CHATTERLEY: Yes. I mean, I'm just -- I'm cringing in my seat, imagining him trying to play in a mask and trying to head a ball or forgetting or

something or -- oh, I'm too squeamish for that. How long have we got? Am I allowed to talk about something else? I don't know how -- oh, I've got one

minute, Darren. Wow. We have to make it good.


CHATTERLEY: Should we talk about England or should we just skip that embarrassment?

LEWIS: Well, I'll tell you a little about Belgium because they are the golden generation.


LEWIS: So, many good players, but they always let themselves down. Beaten again today by Slovakia. They are ones to watch in this tournament. Look

out for that.

CHATTERLEY: OK. And Ukraine lost as well, but fingers crossed for their next match too.

LEWIS: Indeed.


LEWIS: Well, Romania, they're very impressive. Indeed. Some of the parts very impressive, indeed. And I've got a feeling you and I will talk on this

show much more about them in the group stages. Ukraine came to really make a statement given as we know, and you've reported, Julia, the problems that

there have been in their homeland that have been motivating their sportsmen, but they came up against a father-son partnership in Edi and

Anghel Iordanescu who are in charge of the Romanian team and are bringing them back to some of the past glories of 30 years ago.


And these goals, you can see them here, really symptomatic of a stunning performance from them. A brilliant day for them and a brilliant day of

stories at the European Championship Day.

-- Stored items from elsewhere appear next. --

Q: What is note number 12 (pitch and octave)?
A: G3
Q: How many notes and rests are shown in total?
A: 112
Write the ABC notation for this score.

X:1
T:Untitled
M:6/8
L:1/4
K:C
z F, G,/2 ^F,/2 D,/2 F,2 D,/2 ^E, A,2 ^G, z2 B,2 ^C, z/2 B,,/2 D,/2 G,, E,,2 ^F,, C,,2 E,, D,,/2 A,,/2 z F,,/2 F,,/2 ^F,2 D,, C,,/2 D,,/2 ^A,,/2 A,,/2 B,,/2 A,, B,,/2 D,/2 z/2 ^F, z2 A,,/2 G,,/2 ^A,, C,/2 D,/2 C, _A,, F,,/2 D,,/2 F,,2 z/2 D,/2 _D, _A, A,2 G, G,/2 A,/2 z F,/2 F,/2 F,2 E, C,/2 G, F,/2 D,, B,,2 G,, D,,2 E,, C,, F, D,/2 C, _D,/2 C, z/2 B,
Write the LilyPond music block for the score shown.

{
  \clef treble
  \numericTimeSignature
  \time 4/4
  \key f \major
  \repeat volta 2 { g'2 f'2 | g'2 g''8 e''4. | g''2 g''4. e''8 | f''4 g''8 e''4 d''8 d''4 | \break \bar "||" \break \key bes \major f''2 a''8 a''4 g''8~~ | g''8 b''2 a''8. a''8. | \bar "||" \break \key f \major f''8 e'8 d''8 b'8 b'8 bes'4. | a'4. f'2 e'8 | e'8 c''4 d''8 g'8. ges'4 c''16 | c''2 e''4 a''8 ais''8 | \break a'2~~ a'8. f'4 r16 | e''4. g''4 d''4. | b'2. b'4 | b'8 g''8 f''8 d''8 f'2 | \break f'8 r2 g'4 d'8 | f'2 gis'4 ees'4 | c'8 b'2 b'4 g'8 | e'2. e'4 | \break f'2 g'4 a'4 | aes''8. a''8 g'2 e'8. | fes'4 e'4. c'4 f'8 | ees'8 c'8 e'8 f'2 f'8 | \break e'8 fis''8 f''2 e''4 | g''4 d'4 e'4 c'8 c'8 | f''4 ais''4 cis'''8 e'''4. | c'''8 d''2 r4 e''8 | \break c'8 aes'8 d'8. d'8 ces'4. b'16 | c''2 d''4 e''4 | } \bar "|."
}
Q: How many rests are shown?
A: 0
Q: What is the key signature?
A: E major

CHATTERLEY: What a goal. Darren, pulling a very late one in London for us. We do hope to speak to you again on this subject. Great to have you with

us. Darren Lewis there. Thank you, sir.

All right. And finally, on "First Move," an inflatable dragon. has landed on the Empire State Building. The large lizard following in the footsteps

of King Kong is part of a promotion for HBO's "House of the Dragon." HBO is part of Warner Bros. Discovery, the same parent company as CNN.

The show's second season premiered Sunday, almost two years since its last episode aired. "The Game of Thrones" spin off debuted back in 2022,

averaging close to 30 million viewers an episode. Wow. But I think King Kong wins. And that just about wraps up the show. I'm going to get into


Thanks for joining us. I'll see you tomorrow.